- TASK INPUT
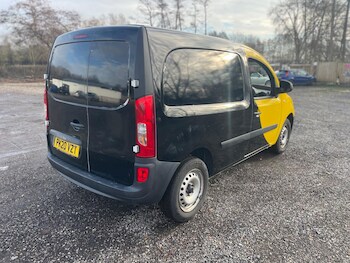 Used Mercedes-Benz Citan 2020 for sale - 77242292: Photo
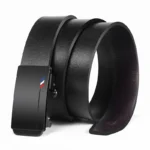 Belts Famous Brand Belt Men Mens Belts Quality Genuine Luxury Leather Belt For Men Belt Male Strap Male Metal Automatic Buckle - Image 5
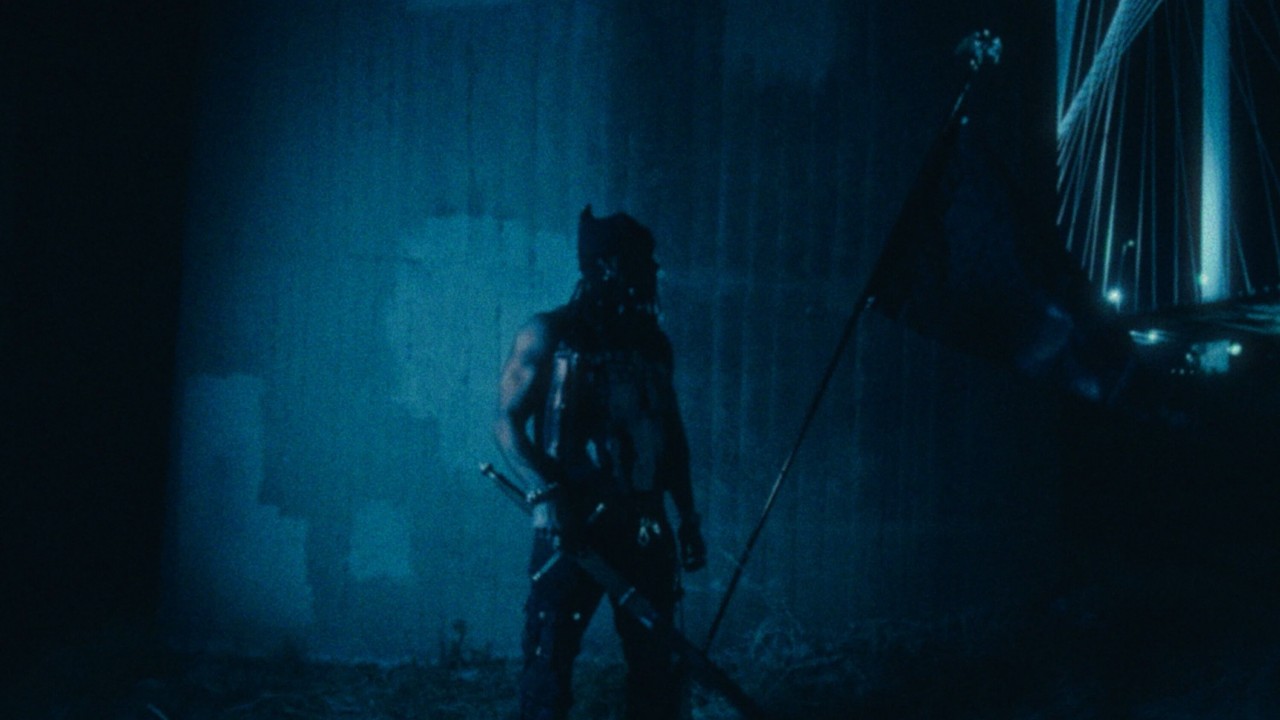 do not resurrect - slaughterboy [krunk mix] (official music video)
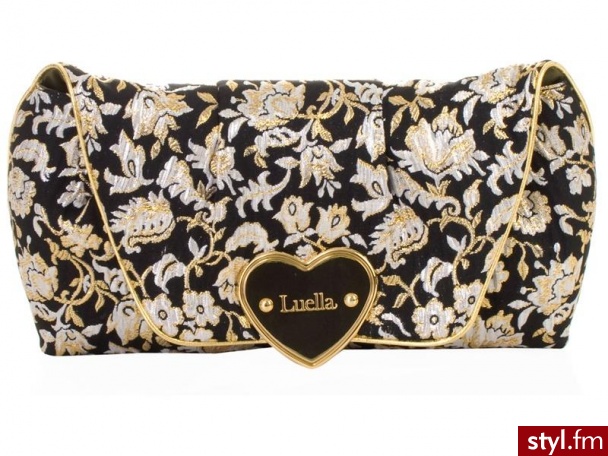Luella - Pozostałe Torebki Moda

==

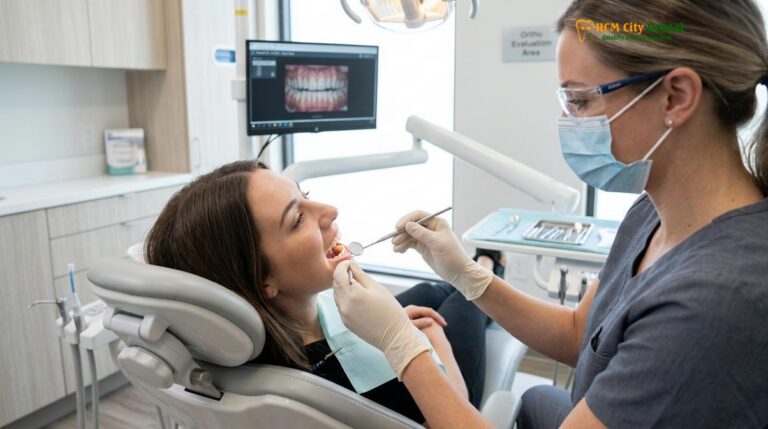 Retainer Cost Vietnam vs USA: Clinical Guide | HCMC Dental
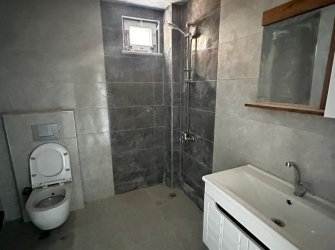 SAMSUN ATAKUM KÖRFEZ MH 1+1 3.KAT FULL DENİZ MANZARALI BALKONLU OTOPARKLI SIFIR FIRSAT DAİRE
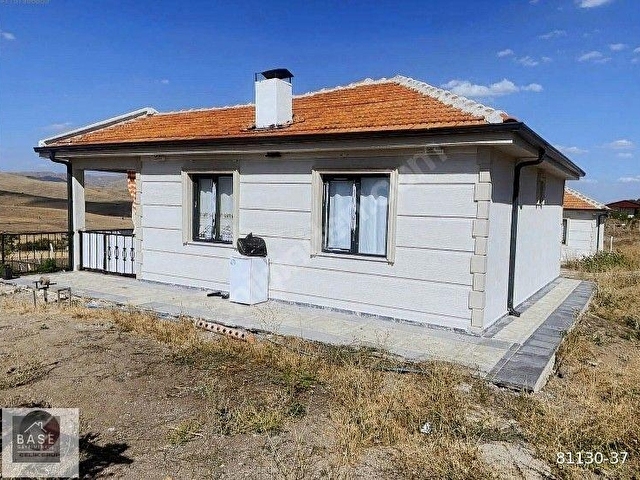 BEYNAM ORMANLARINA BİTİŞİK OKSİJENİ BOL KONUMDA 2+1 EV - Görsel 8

* * *

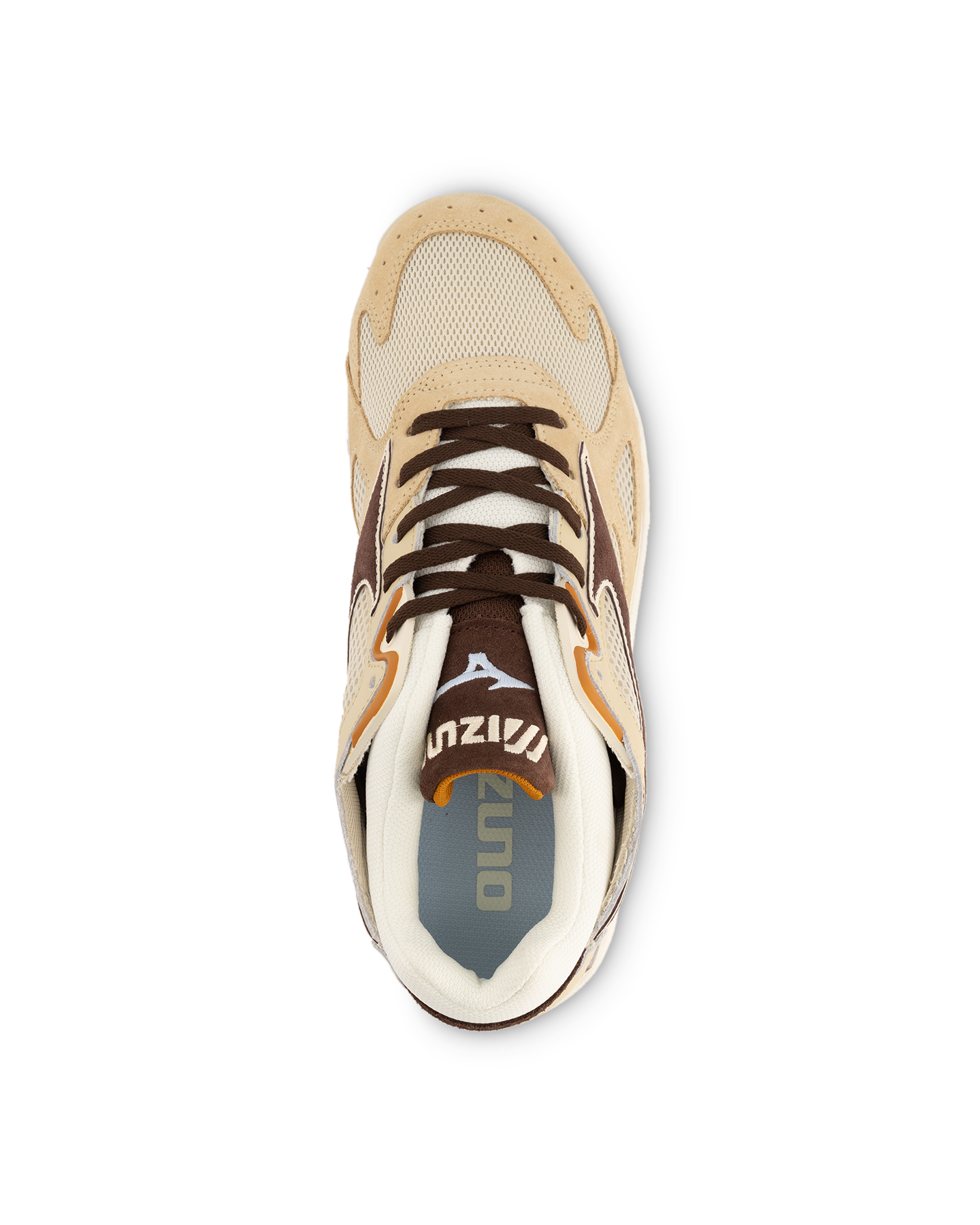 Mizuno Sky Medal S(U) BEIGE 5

- REQUIREMENT
In the data above, find the line containing "Belts Famous Brand" and the line containing "Luella - Pozostałe Torebki Moda". Repeat those two lines and everything between them exactly, minus the pictures.

- SOLUTION FOR THIS TASK
 Belts Famous Brand Belt Men Mens Belts Quality Genuine Luxury Leather Belt For Men Belt Male Strap Male Metal Automatic Buckle - Image 5
 do not resurrect - slaughterboy [krunk mix] (official music video)
Luella - Pozostałe Torebki Moda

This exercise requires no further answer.